Israel arrested Avila in June 2025 alongside other activists who had set sail to Gaza aboard the Madleen from Catania, Italy.
According to Yasmine Acar, another steering committee member who was also on board the Madleen, the maritime mission includes delegations from 44 countries, with 30,000 people registered to take part. Acar said the boats will be sailing from Barcelona, but they will also be joined by boats from Greece, Italy and Tunisia.
The fleet brings together multiple groups, including the Sumud Nusantara initiative launched from Malaysia and eight other Southeast Asian countries.
The boats will carry the names of Palestinian historical cities, according to Seif Abukeshek, a third steering committee member. While they will also carry aid, the primary purpose of the action is one of solidarity, and not an act of charity, activist Greta Thunberg said at the presser.

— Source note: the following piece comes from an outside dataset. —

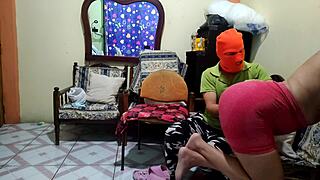 my innocent fat stepdaughter says her husband is away and invites me for some delicious sex at her house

Abukeshek was one of the coordinators of the Global March to Gaza, another movement that sought to break the siege in June by a land march starting from Cairo and which was violently dispersed by security personnel in Ismailia. Abukeshek was arrested in Egypt, alongside other participants who came to join the march. He was released shortly after.

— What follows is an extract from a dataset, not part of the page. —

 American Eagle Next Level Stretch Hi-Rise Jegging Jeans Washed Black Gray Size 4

He said plans for the current flotilla mission emerged from prior activist efforts to break the siege, including the third initiative, the Sumud Convoy, which gathered participants from Tunisia to travel across Libya to Egypt in parallel to the global march starting in Cairo.

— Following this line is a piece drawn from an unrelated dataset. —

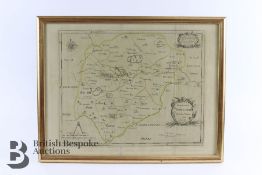 Ogilby John Strip Map and Mordant Rutland Map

“The decision to start this mission was taken on June 22, after coming back from three missions — the Global March to Gaza, the Sumud Convoy and the Madleen. The three movements tried to break the siege in three different ways and then, we agreed that we have to unite,” Abukeshek said.
The decision to set sail from Barcelona is related to the support they have gotten from the municipality there, Abukeshek said.
The Freedom Flotilla Coalition, a group of 15 international campaigns, has launched multiple sea missions to challenge the siege Israel has imposed on the Gaza Strip since 2006.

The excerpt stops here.